In the last decades disability history has attracted an increasing interest in the scholarly community, thus becoming a well-established field, which has been highlighting, among others, the experiences of impaired people, medical and rehabilitative techniques, charitable institutions and welfare measures, public reception and private emotions. The First World War has somehow represented a watershed both in the visibility and the treatment of impairment and disablement owing to the massive amount of men who suffered physical injuries or mental disorder symptoms as a consequence of the conflict. These men happened, therefore, to embody the destructiveness of war and performed as human and living ‘sites of memory’. Because of their heralded heroism in the battlefields, shattered soldiers, however, were commonly considered worthy and in need of an (economic and medical) assistance that disabled civilians had not experienced beforehand. In spite of such considerations and of the yet numerous studies focusing on the interrelation between war and disablement (Julie Anderson, Joanna Burke, Ana Carden-Coyne, Deborah Cohen, David Gerber, Sabine Kienitz, Marina Larsson just to mention few), there has never been organized so far an international conference dealing exclusively with such a topic in an historical and comparative perspective.

Disabled veterans have always been involved in the commemorations of the Great War, but they have never been the focal point of any celebration. That is why we believe that the upcoming centenary of 2014 may provide us with an important opportunity to reflect upon the impact of war on the individual lives of those (and their families) who came back impaired, as well as on the institutions (charities, governmental agencies, ministries, associations, etc.) taking charge of their care and assistance during and after the conflict. Hence, we’d like to explore the question of the political, social, medical and cultural legacies of war disability in postwar society. The conference as well as the special issue will be specifically interested in strengthening comparative and transnational approaches. Contributions on rather unknown case studies and geographical/national areas are especially welcomed.

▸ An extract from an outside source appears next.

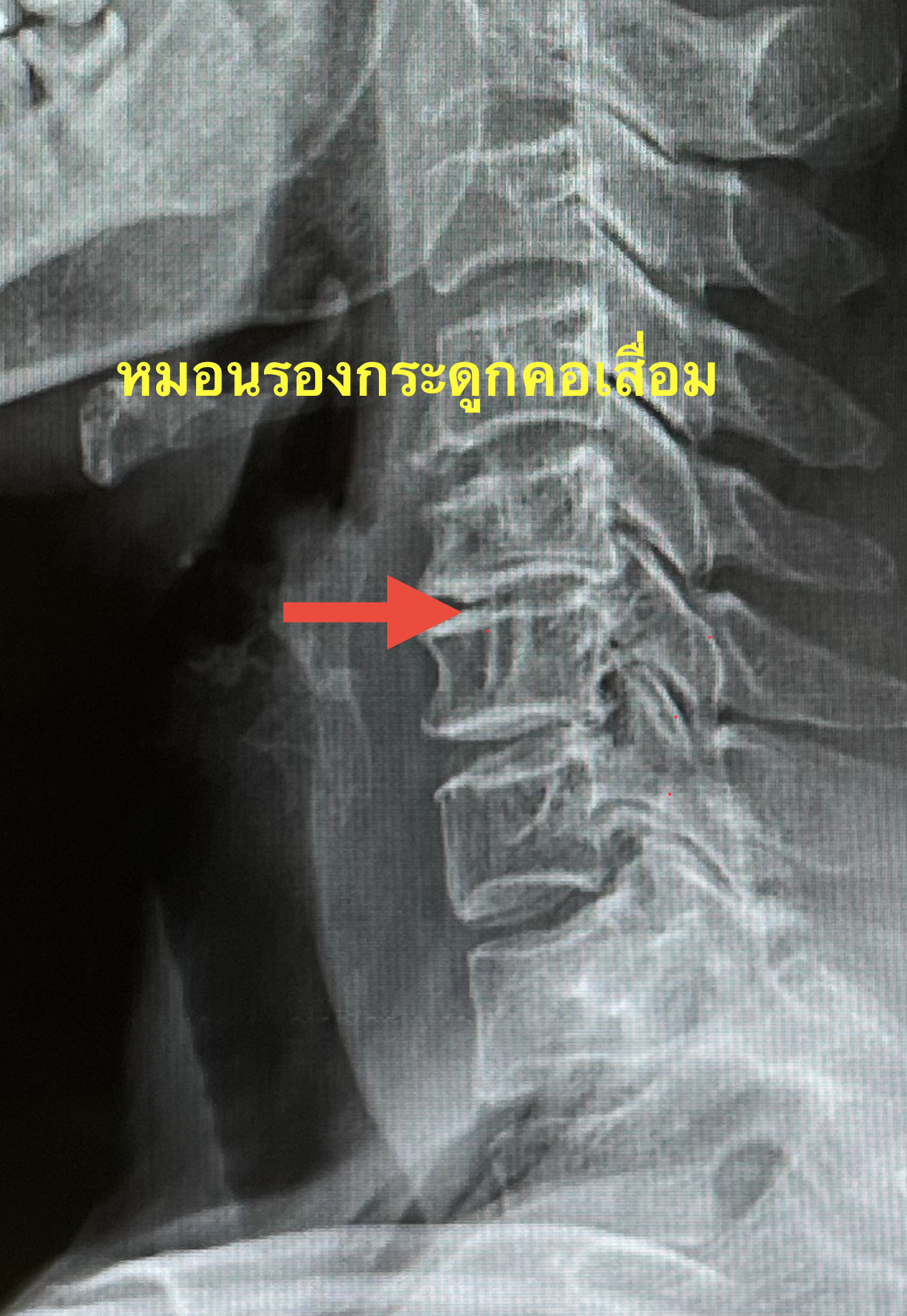 ปวดคอ ปวดบ่า ร้าวลงแขน… อย่ารอให้ชาไปทั้งมือ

The gathering of international scholars coming from different countries would be, therefore, the occasion for in-depth discussions, reviews of previous studies, and outlining of future research perspectives. Potential topics might include, but are not limited to: medicine/surgery and treatment, rehabilitation and vocational retraining, associations and self-advocacy, charities and care-giving, war pensions, experience and memory, visual and textual representation (of the disabled themselves), suffering and pain, the place and function of the disabled body at inter-war commemorative activities, the international shaping of a global discourse on the mutilated body, the influence of war-related discourse on the over-all care for the disabled in general etc. Although the main conference will be focused on the First World War the call for papers, however, also is open for contributions that deal with the impact of subsequent conflicts on the soldier’s body and mind.

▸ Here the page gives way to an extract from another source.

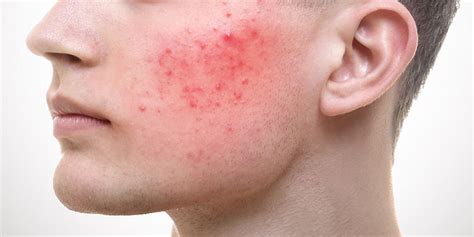Is It Acne Or Rosacea Best Skin Care Australia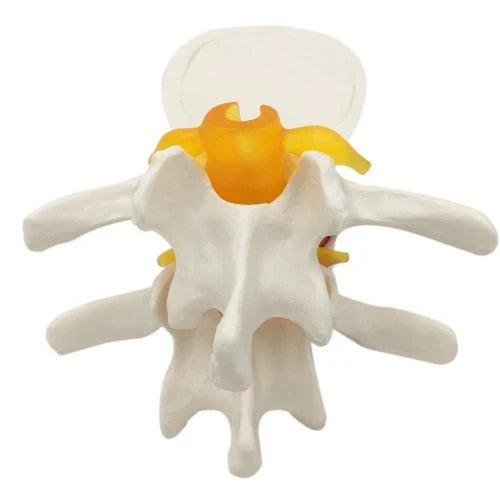 Lumbar Disc Herniation Spine Model for Teaching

Besides the organization of an international conference which will be held on November 4th-6th 2013 the organizers also envisage first of all a special issue in the International Journal of the Society for First World War Studies. The Editor-in-chief already has approved the idea and the issue would be published in 2014. Furthermore, the organizers aim at publishing a book that would gather some/all of the papers presented at the conference. That would be the first book presenting a wide array of (trans)national cases on the subject of disability and the Great War, by getting together, thus, diverse hypotheses, methodologies and sources; In this way it would make European scholars as well as European citizens aware of the existence of disabled soldiers from the Great War and their particular place in the upcoming centennial celebration.

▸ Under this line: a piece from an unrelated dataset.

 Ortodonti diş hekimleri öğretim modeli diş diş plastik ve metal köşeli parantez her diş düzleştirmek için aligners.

Practical & financial information

We are very pleased to announce that we will be able to accept and reimburse 13 scholars a sum of maximum 500 euro’s to cover their travel expenses to and from Ypres/Belgium where the conference will be held. Besides that the organizational committee will also pay for the accommodation (2 nights). Included also is a visit to the world famous and recently renovated In Flanders Fields Museum as well as a guided tour on the second day to the Western front line.

Please do also note that after the international conference “Commemorating the disabled soldier” will be ended, there will be another conference organized dealing especially with the relation between medicine and the Great War. Closely linked to this event two exhibitions will take place in Ghent and Ypres on the history of psychiatry and medicine in relation to the Great War. Unfortunately we will not be able to pay for additional nights.

Time line & deadlines

Submission of abstract and short CV: December 1st 2012 – Abstract=600 words/CV=Maximum 20 lines
Letter of acceptance (abstract): January 2013
First draft of the manuscript: June 1st 2013
Comments by the editors: September 1st 2013
Conference at Ypres: November 4th-6th 2013
Second draft of the manuscript: December 1st 2013
Final manuscript for First World War Studies: February 1st 2014

Submission of abstracts

Abstracts containing no more than 600 words and a CV of no more than 20 lines should be sent to before December 1st 2012.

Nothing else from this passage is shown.